> [ASSIGNMENT] Each entry must appear in the answer exactly as given.
Top of RECORDED DATA
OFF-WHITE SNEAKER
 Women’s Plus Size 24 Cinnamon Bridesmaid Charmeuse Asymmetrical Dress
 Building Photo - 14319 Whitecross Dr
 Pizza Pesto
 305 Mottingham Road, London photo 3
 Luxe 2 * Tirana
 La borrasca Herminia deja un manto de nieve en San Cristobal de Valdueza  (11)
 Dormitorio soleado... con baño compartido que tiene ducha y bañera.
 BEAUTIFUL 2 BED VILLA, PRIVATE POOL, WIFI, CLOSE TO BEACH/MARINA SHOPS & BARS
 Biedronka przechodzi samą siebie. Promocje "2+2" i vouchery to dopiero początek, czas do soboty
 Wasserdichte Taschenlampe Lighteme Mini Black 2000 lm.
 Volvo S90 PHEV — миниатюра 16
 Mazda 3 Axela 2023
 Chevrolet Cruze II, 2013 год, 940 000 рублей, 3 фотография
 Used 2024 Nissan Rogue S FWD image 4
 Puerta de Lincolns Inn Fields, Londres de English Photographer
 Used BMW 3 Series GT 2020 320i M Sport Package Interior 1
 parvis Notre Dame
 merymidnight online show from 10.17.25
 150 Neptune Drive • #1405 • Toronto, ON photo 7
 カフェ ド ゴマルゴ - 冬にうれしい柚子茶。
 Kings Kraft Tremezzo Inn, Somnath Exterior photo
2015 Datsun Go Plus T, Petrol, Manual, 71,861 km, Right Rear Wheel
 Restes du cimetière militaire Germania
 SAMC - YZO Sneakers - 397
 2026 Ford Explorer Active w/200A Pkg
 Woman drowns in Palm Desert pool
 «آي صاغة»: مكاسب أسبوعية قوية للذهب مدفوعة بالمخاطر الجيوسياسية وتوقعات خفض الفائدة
Bottom of RECORDED DATA
> [RESULT]
OFF-WHITE SNEAKER
 Women’s Plus Size 24 Cinnamon Bridesmaid Charmeuse Asymmetrical Dress
 Building Photo - 14319 Whitecross Dr
 Pizza Pesto
 305 Mottingham Road, London photo 3
 Luxe 2 * Tirana
 La borrasca Herminia deja un manto de nieve en San Cristobal de Valdueza  (11)
 Dormitorio soleado... con baño compartido que tiene ducha y bañera.
 BEAUTIFUL 2 BED VILLA, PRIVATE POOL, WIFI, CLOSE TO BEACH/MARINA SHOPS & BARS
 Biedronka przechodzi samą siebie. Promocje "2+2" i vouchery to dopiero początek, czas do soboty
 Wasserdichte Taschenlampe Lighteme Mini Black 2000 lm.
 Volvo S90 PHEV — миниатюра 16
 Mazda 3 Axela 2023
 Chevrolet Cruze II, 2013 год, 940 000 рублей, 3 фотография
 Used 2024 Nissan Rogue S FWD image 4
 Puerta de Lincolns Inn Fields, Londres de English Photographer
 Used BMW 3 Series GT 2020 320i M Sport Package Interior 1
 parvis Notre Dame
 merymidnight online show from 10.17.25
 150 Neptune Drive • #1405 • Toronto, ON photo 7
 カフェ ド ゴマルゴ - 冬にうれしい柚子茶。
 Kings Kraft Tremezzo Inn, Somnath Exterior photo
2015 Datsun Go Plus T, Petrol, Manual, 71,861 km, Right Rear Wheel
 Restes du cimetière militaire Germania
 SAMC - YZO Sneakers - 397
 2026 Ford Explorer Active w/200A Pkg
 Woman drowns in Palm Desert pool
 «آي صاغة»: مكاسب أسبوعية قوية للذهب مدفوعة بالمخاطر الجيوسياسية وتوقعات خفض الفائدة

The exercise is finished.